SETH CARPENTER: Yeah. I guess it's a little bit too soon to make that conclusion. Remember that for August we did see a resurgence in Delta variant. And when we get the rest of the data on the rest of services spending, we'll be able to see if there was a pullback maybe in some of those in-person services spending shifting towards more spending in goods, which is overrepresented in the retail sales report.

So I think it's still a little bit too soon to tell. Our view is the fourth quarter should stay strong. But then as we get into next year, we'll see things start to moderate. But like we were saying, this strong report really does highlight-- there's two away risk going on. There's clearly the possibility for the economy to outperform.

- Given the economic data that we've gotten recently between retail sales this morning, the mixed jobs data we've had recently, and inflation with that cooler than expected CPI data out earlier this week, what is your assessment right now of where things stand in terms of the Fed policy and timing for tapering?

SETH CARPENTER: Yeah. So our call still is that the taper announcement happens in December. There's clearly lots of probability on it happening in November. I think the soft jobs report should put paid to most speculation about September. And then I think it comes down to, how strong is that jobs report that we're going to get before the November meeting?

My view is the Fed policymakers, especially the core, Chair Powell and the rest of the center, given the soft jobs report we did get, getting one or two more extra jobs reports is going to give them that much more comfort that they're in the right position. And that's the reason why we favor the December meeting as the timing for the taper announcement.

But I think one key thing to keep in mind is that the fed policymakers really have in their minds tapering QE is not outright tightening. It is adding accommodation at a slower pace. And so as a result, I don't think they need to see the economy going at full bore for them to taper purchases.

They want to make their quote, "substantial progress." And for jobs, even though we only got 200 and something thousand last month, if we have that pick back up to where we're in the 500, 600, 700 range for one or several months, I think that's going to be enough continued progress for them to be ready to start tapering.
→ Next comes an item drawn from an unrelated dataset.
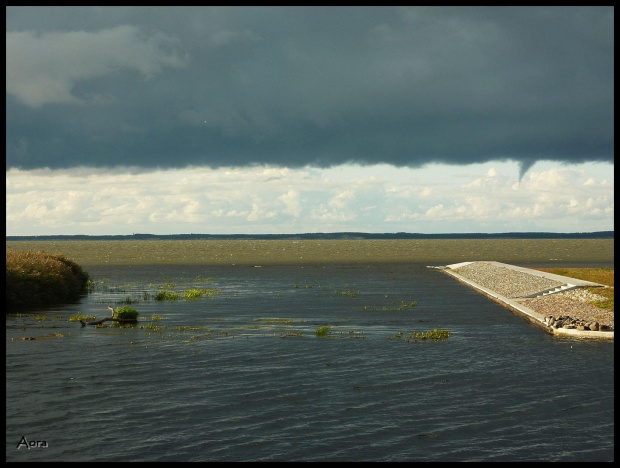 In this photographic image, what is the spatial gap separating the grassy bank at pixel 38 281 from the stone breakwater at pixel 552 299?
38.6 m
- Seth, you have a lot of experience in government-- the former acting assistant secretary for financial markets. You know, if you could put that hat on for a second, how important is it to markets that Fed Chairman Jerome Powell is kept in this job? Is the one that has taken-- that has just taken this-- this liquidity to a new level in the markets. How is important is it that he is the one that carefully helps unwind it?
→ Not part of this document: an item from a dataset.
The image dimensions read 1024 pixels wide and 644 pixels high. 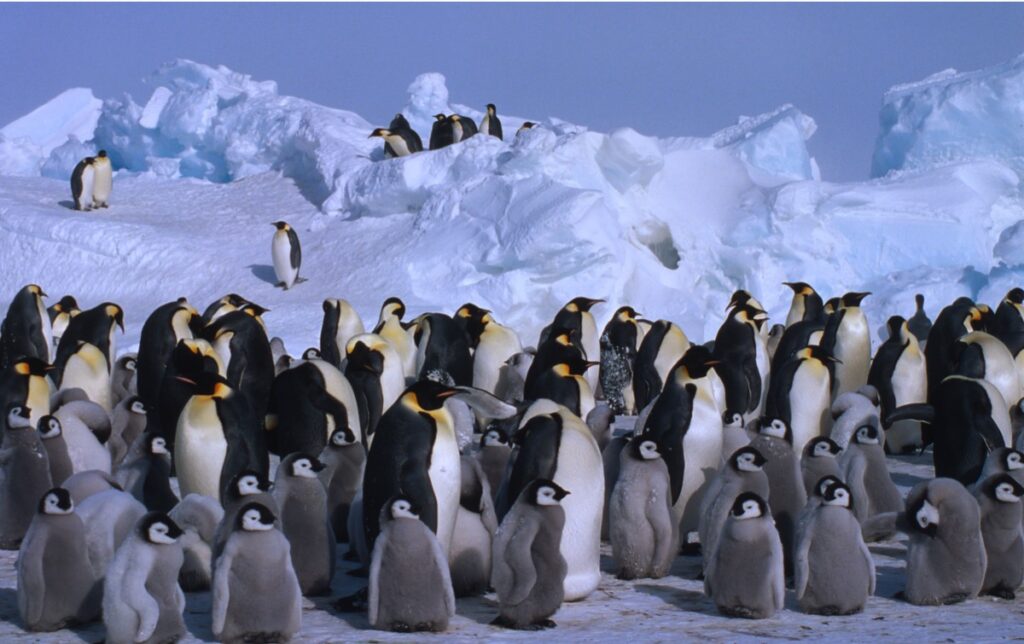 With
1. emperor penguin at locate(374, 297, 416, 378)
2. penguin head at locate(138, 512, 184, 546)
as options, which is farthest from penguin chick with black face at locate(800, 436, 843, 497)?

SETH CARPENTER: I think from a market's perspective, a lot of market participants see Chair Powell as a known quantity. They see him as very accommodative, very dovish. They're used to him. And so in that sense, continuity will provide a lot of comfort, whereas in contrast, if there were a change, then I think there's at least a short run chance that there'd be a little bit of volatility.

I suspect any volatility, if there were a change though, would be very short lived because from my perspective, realistically, any replacement from the Biden administration for Chair Powell would be very, very, very close in terms of monetary policy specifically to Chair Powell. And so as a result, after the headline passes, after that initial reaction passes, I think people would start to dig a little deeper and ask, what would this person do in terms of policy? And I find it hard to imagine that there would be a nominee who would be in any way meaningfully different from Powell.

- All right. Something we'll be watching closely. But thank you so much, Seth Carpenter, Morgan Stanley, global chief economist.